The bishop took the stand during a Nov. 7 hearing before Magistrate Judge Benjamin Cheesbro of the U.S. District Court in the Southern District of Georgia. The hearing was scheduled to present evidence explaining why the seven longtime activists entered Naval Submarine Base Kings Bay April 4.

The defendants include Elizabeth McAlister, 78, of Baltimore; Jesuit Fr. Steve Kelly, 69, of the Bay Area in California; Carmen Trotta, 55, of New York City; Clare Grady, 50, of Ithaca, New York; Martha Hennessy, 62, of New York, granddaughter of Catholic Worker co-founder Dorothy Day; Mark Colville, 55, of New Haven, Connecticut; and Patrick O'Neill, 61, of Garner, North Carolina.

The defendants are seeking to have federal charges of conspiracy, trespass, and destruction and depredation of property dismissed under the Religious Freedom Restoration Act. They have argued in court filings that their action is protected under the law.

The seven entered the submarine base, the East Coast home of the Trident nuclear submarine, and during approximately two hours, placed crime scene tape and spilled blood at different locales while posting an "indictment" charging the military with crimes against peace, citing the Nuclear Non-Proliferation Treaty.

The Navy's fleet of Trident submarines carries about half of the U.S. active strategic nuclear warheads, according to military experts.

Kopacz cited the U.S. Catholic bishops' 1983 pastoral letter on peace and nuclear weapons, "The Challenge of Peace: God's Promise and Our Response," during his testimony.

He said the document allowed for the temporary possession of nuclear weapons only as a step toward disarmament, and that after more than 30 years that goal has not been achieved.

He described the seven as a "spiritual special ops team" working to make a change.

A day prior to his testimony, Kopacz told Catholic News Service he was supportive of such actions to rid the world of nuclear weapons although he would find it difficult to take such a step himself.

"I believe in what they do.
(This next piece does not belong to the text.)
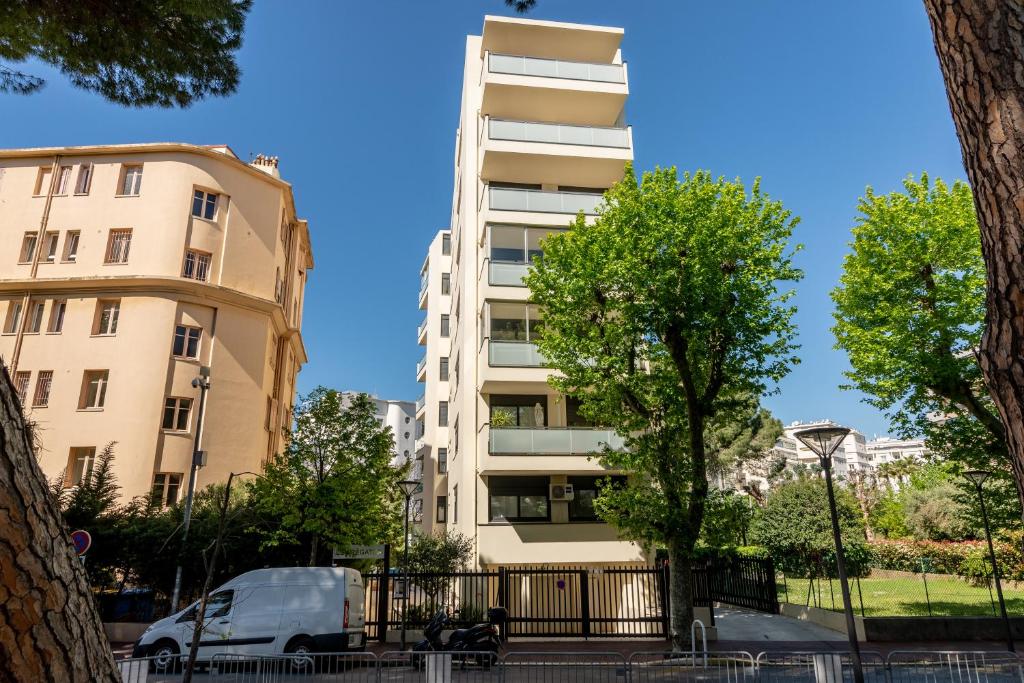 Apartamentos Cannes Apartments next to La Croisette and Beach by easyBNB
I believe what they've done is a courageous witness and very prophetic," he said.

The court also heard from Jeannine Hill Fletcher, professor of theology at Fordham University. She discussed papal encyclicals and the documents from the Second Vatican Council that "condemn" the use of nuclear weapons. She also addressed why actions of conscience, such as those of the defendants, are important in modern-day society.

Grady told CNS Nov. 8 that on the stand she explained her family's background and the long history of work for peace and justice extending from their Catholic faith.

Protesting nuclear weapons, she said she told the court, was a natural extension of her faith practice and that her conscience guided her to act for peace.

"For me there's a geography to our faith, and what I experienced in that courtroom was a Catholic revival because of our choice to act in a certain geography, the geography of the courtroom and all that is the Gospel. You could feel the energy from all of that," she said of the hearing.

Kelly, who remained jailed, testified that the actions of the group amounted to preaching God's word that nuclear weapons are "sinful." He said the world faced a crisis because of the presence of such weapons.

Near the end of the daylong hearing, federal prosecutors called the commanding officer of the naval base to the stand. Capt. Brian Lepine described the importance of maintaining tight security at the base and the danger posed by anyone illegal entering the base perimeter.

After more than eight hours of testimony, Cheesbro said the hearing would be continued on a date still to be determined.